Ils font dire à Bourdieu ce que Bourdieu n'a jamais dit, pour le flétrir en toute quiétude - mais quand un misérable briseur de tabous écrit noir sur blanc qu'il y a trop de Juifs à la radio, ils t'expliquent, obstinément, que non, bien sûr, voyons, ce n'est pas de l'antisémitisme.

C'est juste que le gars ne se laisse pas museler par la-tyrannie-de-la-bien-pensance, t'assurent-ils.

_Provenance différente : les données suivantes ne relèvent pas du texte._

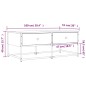 vidaXL Couchtisch Grau Sonoma 100x51x40 cm Holzwerkstoff vidaXL Couchtisch Grau Sonoma 100x51x40 cm Holzwerkstoff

Dangereux tartuffes, en vérité (qui sous couvert de la combattre, laissent prospérer la gangrène antisémite): Badiou observe dans "Libé", ce matin, que ces "tontons flingueurs de la nouvelle extrême droite (...) n'aiment, ni qu'on repère dans l'histoire de France une structure réactionnaire fondamentale (...); ni qu'on dise que le mot "communisme" reste apte à nommer l'avenir politique de l'émancipation".

Badiou observe ce matin "qu'ils n'aiment ni l'efficace du passé historique ni la libre amplitude politique de l'avenir".

Que finalement "ils n'aiment que l'étroitesse du présent, de leur présent: comme Sarkozy, à vrai dire".

Et pour cause.







(1) Vendredi, pour être précis.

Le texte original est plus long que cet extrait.